Pour la Grèce aujourd'hui, Alexandre le Grand et son père Philippe II, les grands rois de la Macédoine antique, sont un élément majeur du patrimoine historique, mais les anciens Grecs étaient moins enthousiastes.

Les gouvernements d'Athènes et de Skopje essaient actuellement de se mettre d'accord, avec Matthew Nimetz, l'émissaire des Nations-Unis présent dans les deux capitales mardi puis mercredi, sur le futur nom de la Macédoine, non résolu depuis 1991 en raison de l'opposition des Grecs à ce qu'elle s'appelle ainsi.

Un geste de bonne volonté du Premier ministre macédonien Zoran Zaev, la semaine dernière à Davos, a consisté à annoncer que l'aéroport international de Skopje, et la principale autoroute du pays, tous deux appelés "Alexandre le Grand", allaient être débaptisés.

Au IVème siècle avant Jésus-Christ, Philippe II faisait plutôt figure d'ennemi pour les cités grecques qui l'ont combattu pendant dix ans.

Philippe II, général et diplomate habile qui a fait de la Macédoine, aujourd'hui région septentrionale de la Grèce, une superpuissance régionale autour de la ville de Pella, a en effet mené une campagne acharnée contre ces cités grecques, couronnée par sa victoire contre Athènes et Thèbes lors de la bataille de Chéronée (338 avant JC).

C'était alors la première fois que la majorité de la Grèce continentale se retrouvait sous la coupe d'un seul homme, après des décennies de guerres fratricides.

"Philippe était un gouverneur peu scrupuleux qui a réussi à imposer la puissance macédonienne au reste de la Grèce (...) suscitant évidemment beaucoup d'antagonismes contre lui", explique à l'AFP Reinhard Senff, directeur de l'Ecole archéologique allemande d'Athènes.

A l'époque, la majorité des Grecs ne considéraient pas les Macédoniens comme appartenant à la culture hellénique, alors que ces derniers parlaient pourtant grec et adoraient les mêmes dieux.

- Expansion grecque -

Pour le célèbre orateur athénien Démosthène, qui a écrit des discours enflammées contre Philippe II, le roi macédonien était un "barbare".
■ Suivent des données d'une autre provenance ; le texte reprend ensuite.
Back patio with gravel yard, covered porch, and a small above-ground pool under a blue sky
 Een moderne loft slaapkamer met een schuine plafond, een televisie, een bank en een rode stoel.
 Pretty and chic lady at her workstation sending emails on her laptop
"Pour Démosthène toute personne qui n'était pas d'accord avec lui était un +barbare+, et même certains de ses amis athéniens étaient +des barbares+ pour lui", tempère Stephen Miller, professeur émérite à l'université de Californie, Berkeley.
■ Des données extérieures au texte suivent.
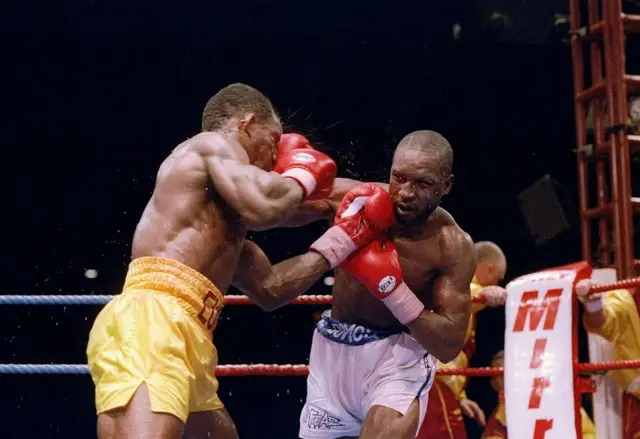 Chris Eubank Sr and Nigel Benn trading punches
Toutefois, les anciens Macédoniens avaient un grand respect pour la culture grecque.

Alexandre admirait notamment l'Iliade d'Homère et son père lui avait donné pour précepteur le célèbre philosophe athénien Aristote.

"La culture hellénique était appréciée et développée à la cour royale macédonienne depuis le Ve siècle avant JC", rappelle M. Senff.
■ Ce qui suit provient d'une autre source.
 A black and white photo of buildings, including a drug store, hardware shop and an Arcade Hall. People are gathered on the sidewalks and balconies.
Comme ses ancêtres macédoniens, Philippe avait même participé aux jeux Olympiques antiques, quoiqu'ils soient normalement uniquement réservés aux Grecs.

- Des rois descendant d'Hercule -

Des chevaux de Philippe ont ainsi gagné trois fois de suite à ces Jeux, et plus tard le roi a fait ériger à Olympie (sud de la Grèce) un imposant monument, le Philippeion, dédié à Zeus.

"On peut dire que les origines grecques des rois macédoniens étaient largement acceptées au Ve siècle avant JC", remarque M. Miller, car ils étaient reconnus comme descendants du dieu Hercule, héros de la mythologie grecque.

Il en allait tout autrement de leurs sujets.

"Les Macédoniens n'étaient pas considérés comme Grecs par les Grecs... et d'après ce qu'on sait en remontant à la fin de la période classique (IVe siècle), seule la famille royale était admise à Olympie", rappelle M. Senff, qui dirige les fouilles sur ce site.

Après son père, les conquêtes d'Alexandre ont marqué le zénith de l'influence culturelle et de la puissance grecques en Asie centrale et orientale, et en Afrique du nord.

Pendant trois siècles, lors de la période hellénistique, qui a duré presque jusqu'à l'émergence de l'empire romain, les successeurs d'Alexandre ont continué à dominer les régions où se situent actuellement l'Egypte, la Turquie, la Syrie, l'Afghanistan, la Syrie ou l'Inde.

Puis ce sont les Romains qui ont créé bien plus tard une grande province, appelée Macédoine, qui comprenait des parties de l'Albanie, de la Macédoine et de la Bulgarie actuelles.